Mechanism: In aged tissues, senolytic clearance of senescent cells without sufficient HSP110 leads to the release of toxic soluble protein oligomers that damage neurons. Readout: Readout: Boosting HSP110 activity with an inducer prior to senolysis prevents oligomer accumulation and maintains normal cognitive function.
Hypothesis: In aged tissues, senolytic removal of senescent cells exacerbates neurodegeneration unless the HSP70/HSP110 disaggregation machinery is simultaneously boosted. Senescent cells act as permanent sequestration sites for misfolded proteins, converting toxic oligomers into inert amyloid‑like deposits. When these cells are eliminated, the deposited proteins are released. If the disaggregation capacity is insufficient, the released material remains as soluble oligomers, which are the primary drivers of toxicity in Alzheimer’s, Parkinson’s and Huntington’s disease. Conversely, enhancing HSP110‑mediated disaggregation before senolysis will convert the liberated aggregates into harmless monomers that can be refolded or degraded, thereby protecting surrounding neurons.

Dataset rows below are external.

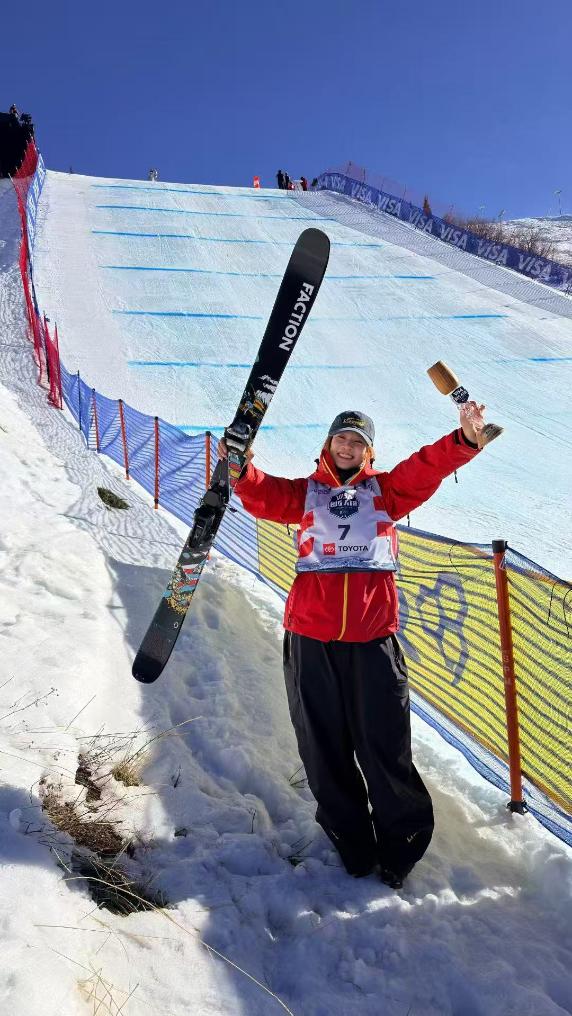 自由式滑雪大跳台世界杯斯廷博特站：杨如意摘得铜牌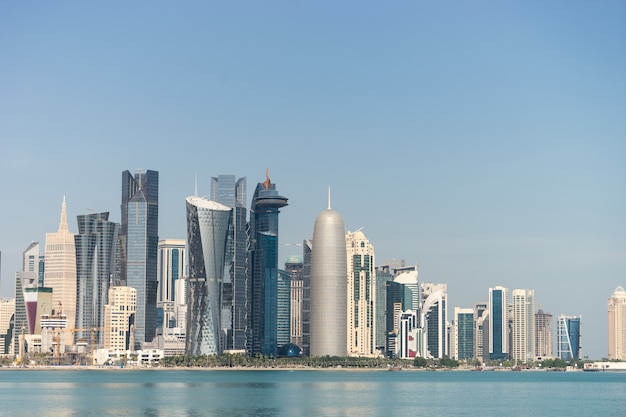 Blick auf das Stadtzentrum mit Wolkenkratzern von der anderen Seite des Meeres in Doha, Katar.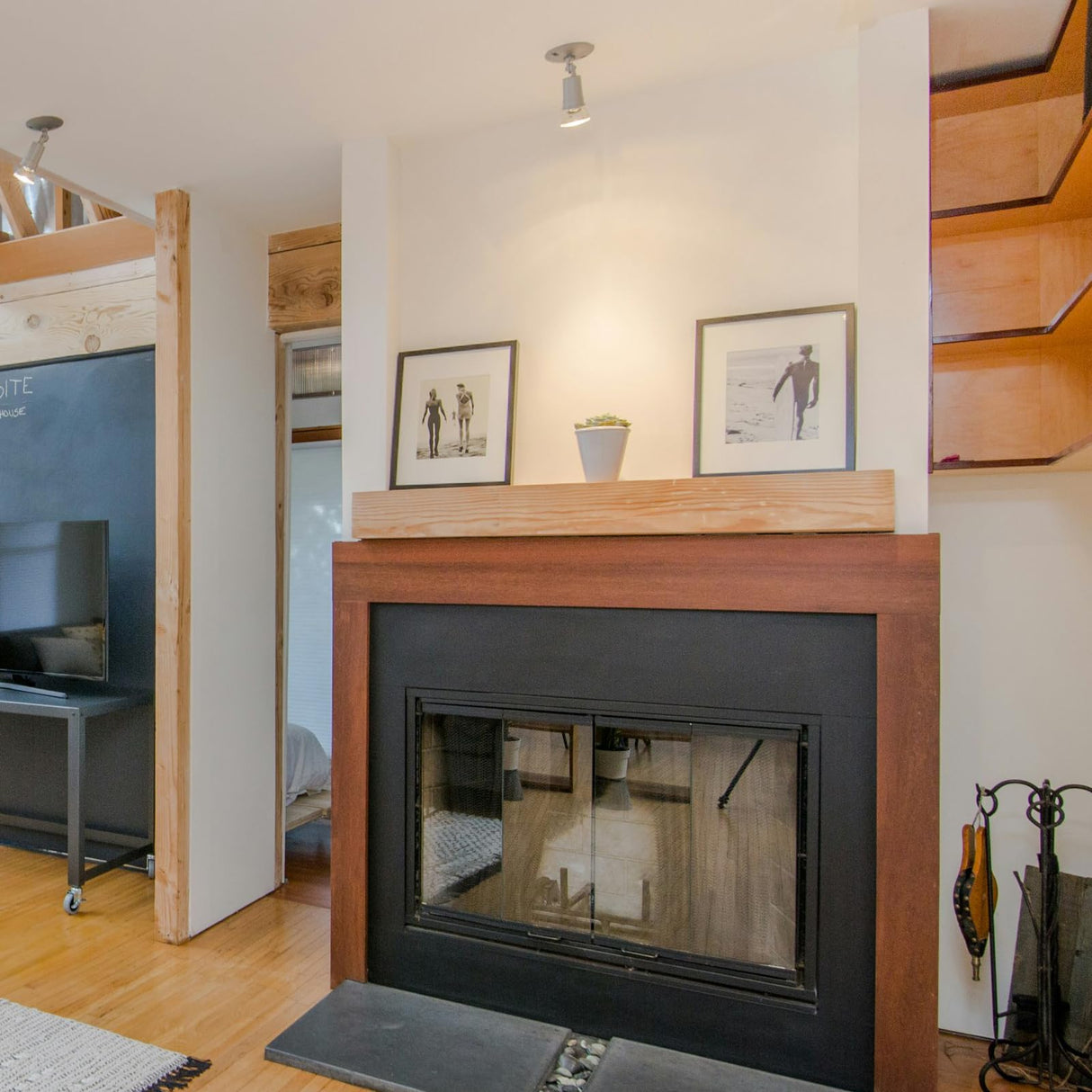 POPRHINO Fireplace Mantel Shelve, Solid Wood Baked Finish Wall-Mounted Floating Shelf for Over Fireplace, Handcrafted Floating Fireplace Mantels with Wooden Bracket, 80 x 8 x 6 Inches, Natural POPRHINO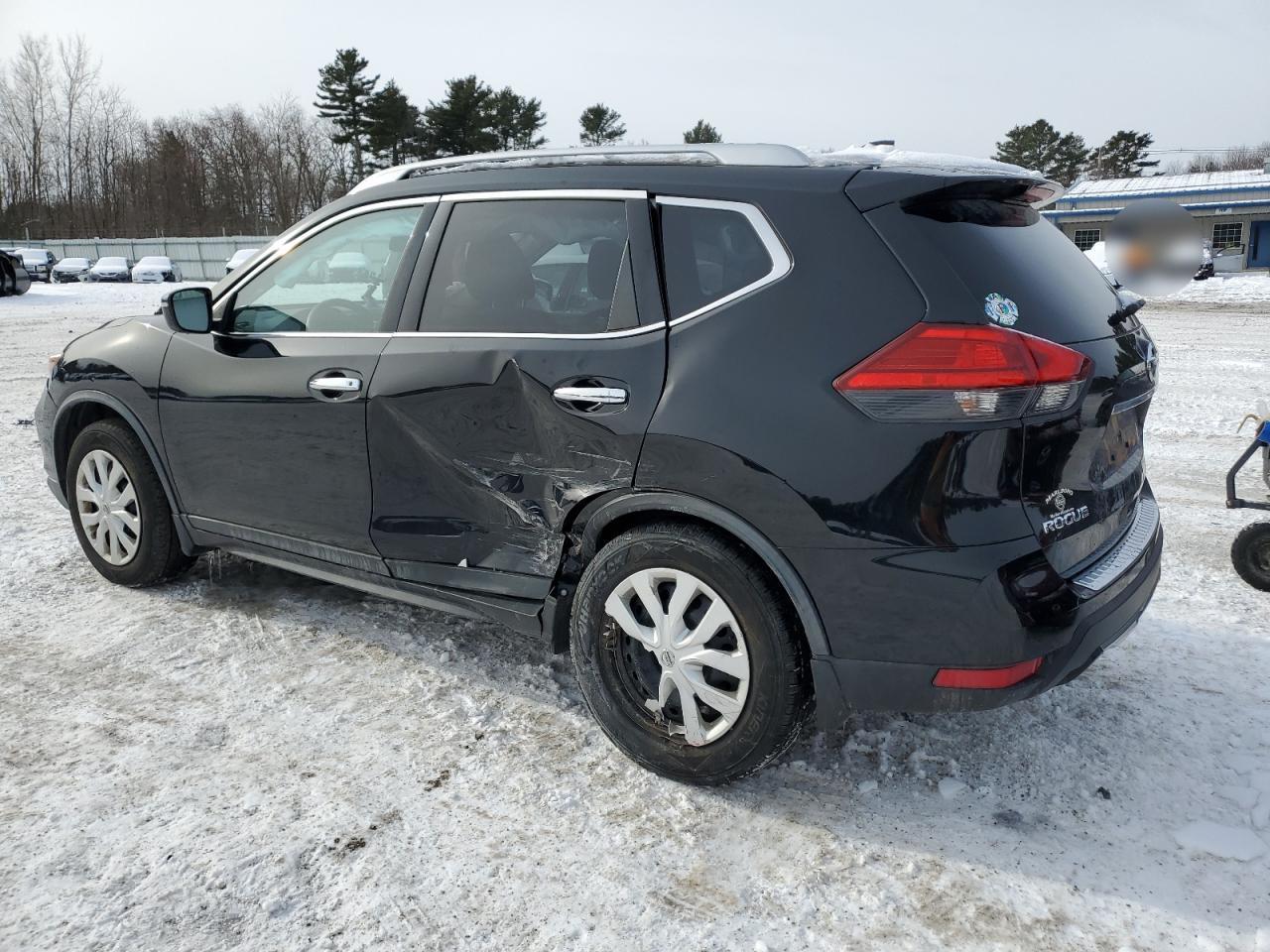 2017 NISSAN ROGUE S - Фото 2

Mechanistic rationale: The Hsp70 system requires a nucleotide exchange factor (NEF) to drive cycles of substrate binding and release. HSP110 functions as a potent NEF that, together with HSP70 and HSP40, can extract monomers from the ends of amyloid fibrils and promote their solubilization. In young cells, high HSP110 levels ensure that any fibrils liberated during stress are rapidly disassembled. Aging reduces HSP110 expression while total HSP70 remains relatively stable, shifting the equilibrium toward fibril persistence. When senolytic drugs clear senescent cells under these conditions, the sudden influx of fibrils overwhelms the limited disaggregation machinery, leading to accumulation of soluble oligomers that seed further misfolding and trigger synaptic dysfunction.
Testable predictions:
- In aged tau‑transgenic mice, treatment with a senolytic (e.g., navitoclax) alone will increase soluble tau oligomer levels in the cortex and hippocampus and worsen cognitive performance relative to vehicle controls.
- Co‑administration of an HSP110 inducer (such as Arimoclomol) prior to senolytic treatment will prevent the rise in soluble oligomers and rescue behavioral deficits.

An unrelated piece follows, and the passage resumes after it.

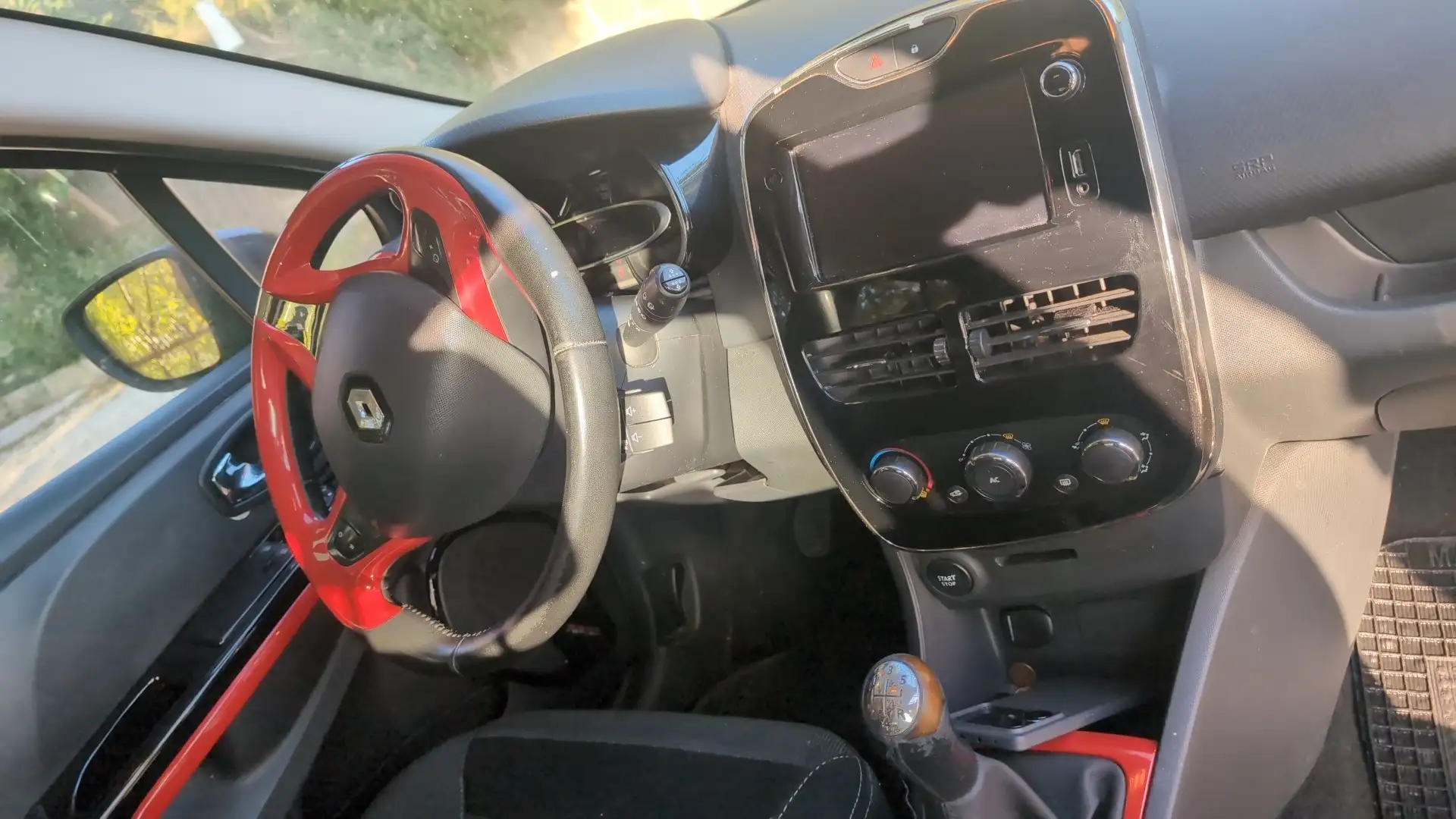 Renault Clio 5p 1.2 16v Yahoo c/radio - 2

- In vitro, primary neurons exposed to lysates from senescent cells will show increased oligomer‑dependent calcium dysregulation; adding recombinant HSP110/HSP70/HSP40 complexes to the lysate will abolish this effect.
- Genetic knockdown of HSP110 in young mice will phenocopy the aged condition, making senolytic treatment toxic even when chaperone networks are otherwise robust.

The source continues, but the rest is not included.